One way to maximize business tax refunds is to deliberately overpay estimated taxes, which, as mentioned above, has both pros and cons. Here are some other ideas to keep in mind when planning your business’s finances.

1. 401(k) Matching

If you offer your employees a 401(k), you may want to consider also offering matching funds. The amount your company offers in a 401(k) match is typically considered a qualified business expense up to certain limits.

2. Tax Credits

As a business owner, there are a number of tax credits you may be able to take advantage of at both the federal and state level. Speak with your account or take a look at the IRS’s business tax credits to see what credits you may be eligible for.

3. Tracking Mileage

If you drive for business, it can be a good idea to track the amount of business miles you’re logging throughout the year. The IRS allows you to deduct a certain amount for every mile driven for business purposes (for the 2023 tax year, it will be 65.5 cents per mile).

4. Home Office Deductions

If you have an office in your home dedicated solely to your business, you may be eligible for a home office deduction. Generally, your home office must be either the principal location of your business or a place where you regularly meet with customers or clients.

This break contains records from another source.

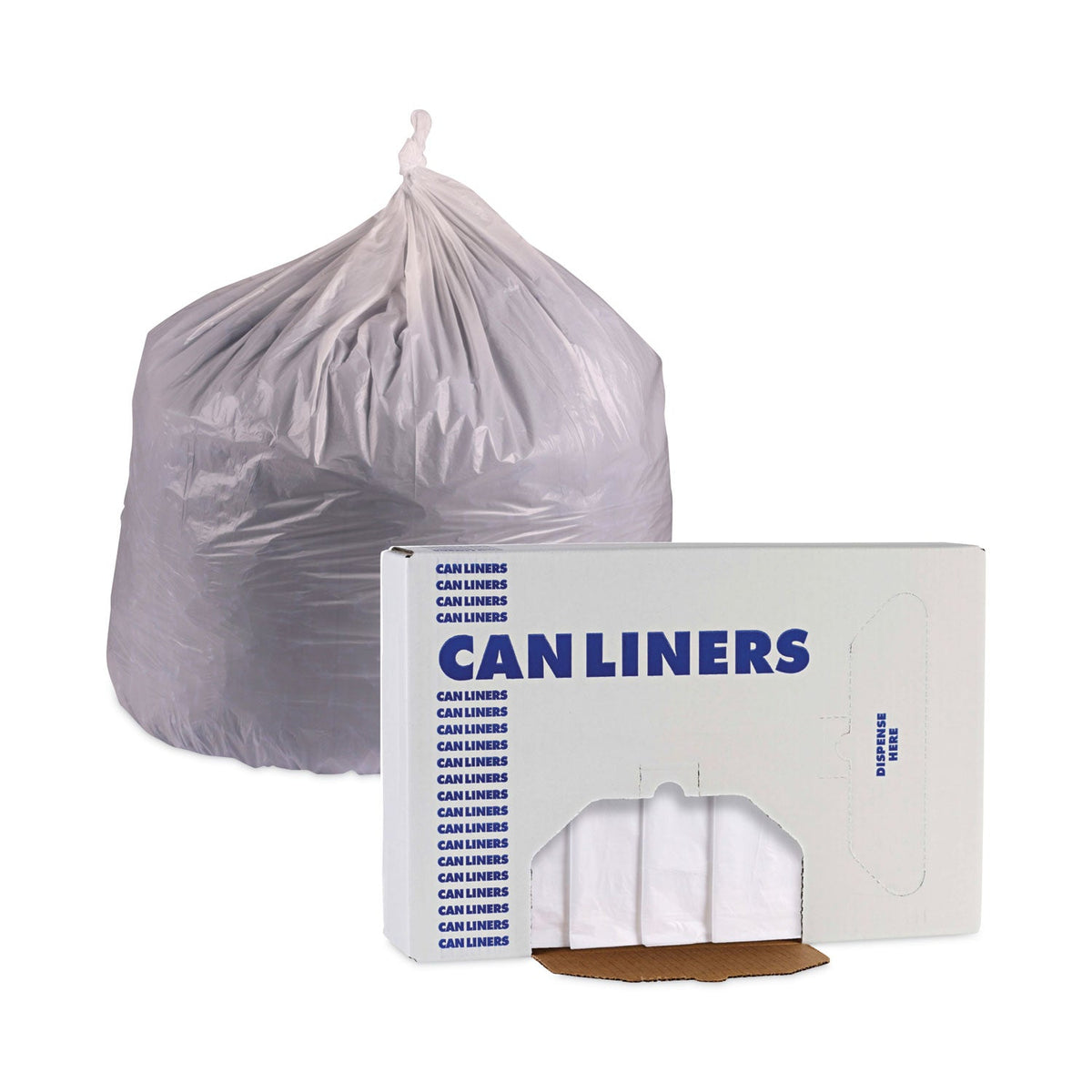 Boardwalk Linear Low Density Industrial Can Liners, 45 gal, 0.9 mil, 40 x 46, White, 100/Carton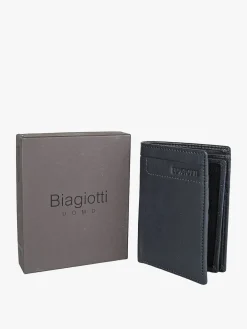 Biagiotti Uomo Portafoglio verticale in pelle da uomo - blu scuro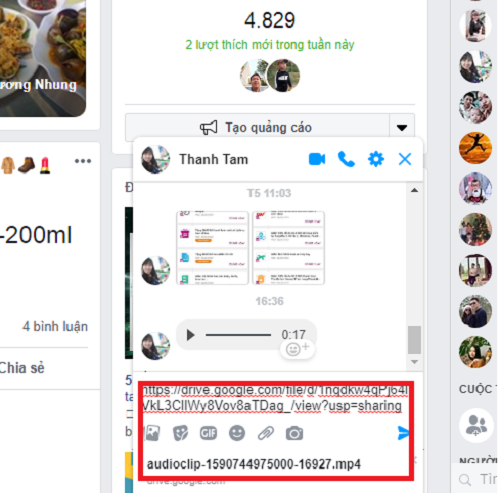 cach gui file ghi am qua messenger tren may tinh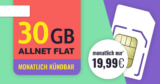 Monatlich kündbar – Allnet-Flat 30 GB LTE nur 19,99 Euro monatlich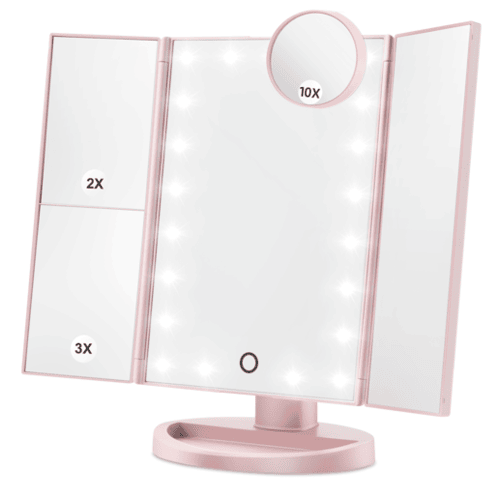 HAMSWAN  Makeup Mirror Vanity Mirror, 1X 2X 3X 10X Magnifying, Lighted Makeup Mirror, Touch Control, Dual Power Supply, Portable Led Makeup Mirror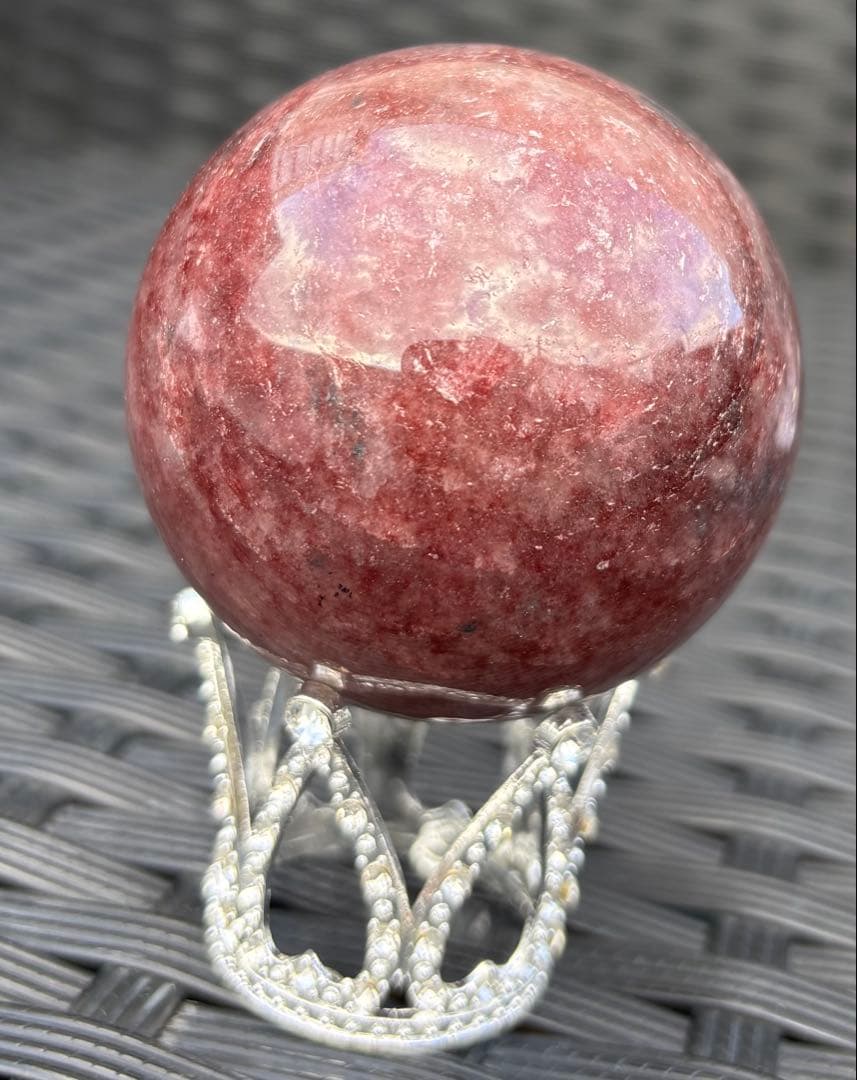 【天然石】スフィア　ストロベリークウォーツ②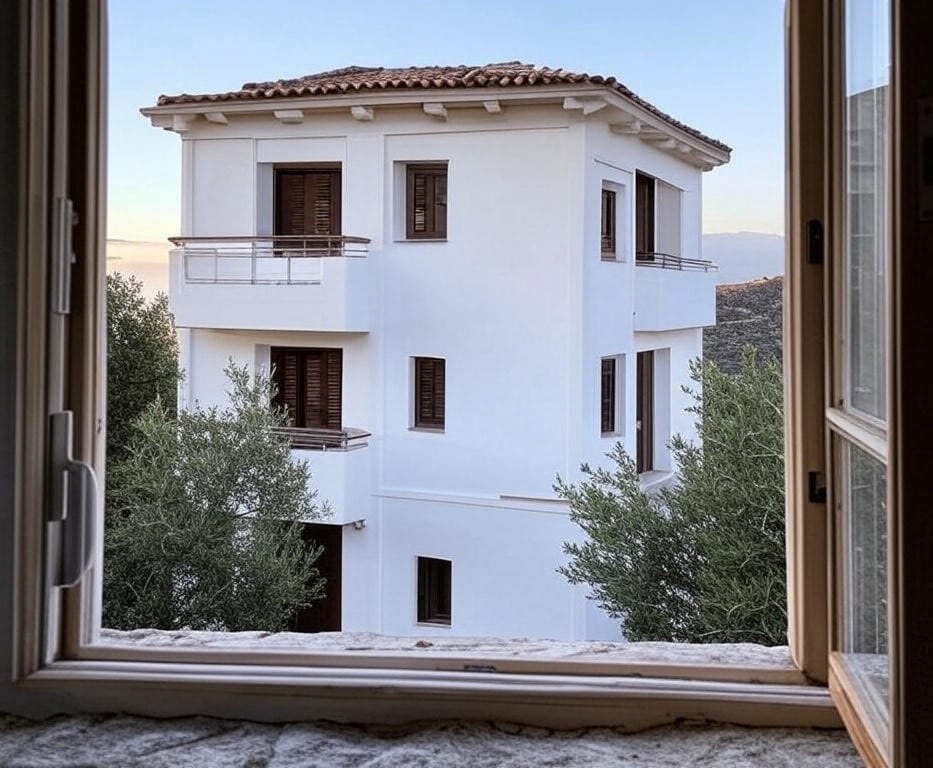 Building viewed through an open window showing the framing technique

Home office business deductions are based on either the percentage of your home used for the business or a simplified square footage calculation.

5. Employee Bonuses

Bonuses can be a win-win. They not only help incentive and reward employees, they may also qualify as a small business tax deduction. There are rules and regulations around how much of a tax deduction you can take from employee bonuses. To learn more, refer to the IRS’s Guide to Fringe Benefits.

The Takeaway

A business can get a tax refund if it overpays its estimated taxes. However, whether that refund goes to the business itself or to you, as the business owner. will depend on how your business is structured. Generally, the only way the business itself will get a tax refund is if it’s structured as a C-corporation.

Whatever your business structure, however, there are actions you can take throughout the year that could potentially reduce your tax burden and, subsequently, increase your tax refund. A tax professional can offer guidance.

If you’re seeking financing for your business, SoFi is here to support you. On SoFi’s marketplace, you can shop and compare financing options for your business in minutes.


With one simple search, see if you qualify and explore quotes for your business.

FAQ

Can small businesses get money back on their taxes?

It’s possible. However, in order for a small business to get a tax refund, it would need to pay more than is actually owed to the internal revenue service (IRS) in estimated taxes. And, unless the business is structured as a C-corporation, any refund would go to the business owners, not to the business itself.

How much can small businesses get back in taxes?

It all depends on how much the business paid in estimated taxes. If the business (in the case of a C-corporation) or the business owners (in the case of a pass-through business) overpaid estimated taxes during the year, that business or owner would get a refund.

Are LLCs able to get tax refunds?

Not typically. LLCs are generally treated as pass-through entities for federal income tax purposes. This means the LLC doesn’t pay taxes or get refunds of its own. Instead, each member pays taxes on the business’s income in proportion to their ownership stake in the LLC. If the LLC members overpay their estimated taxes, they would receive a tax refund.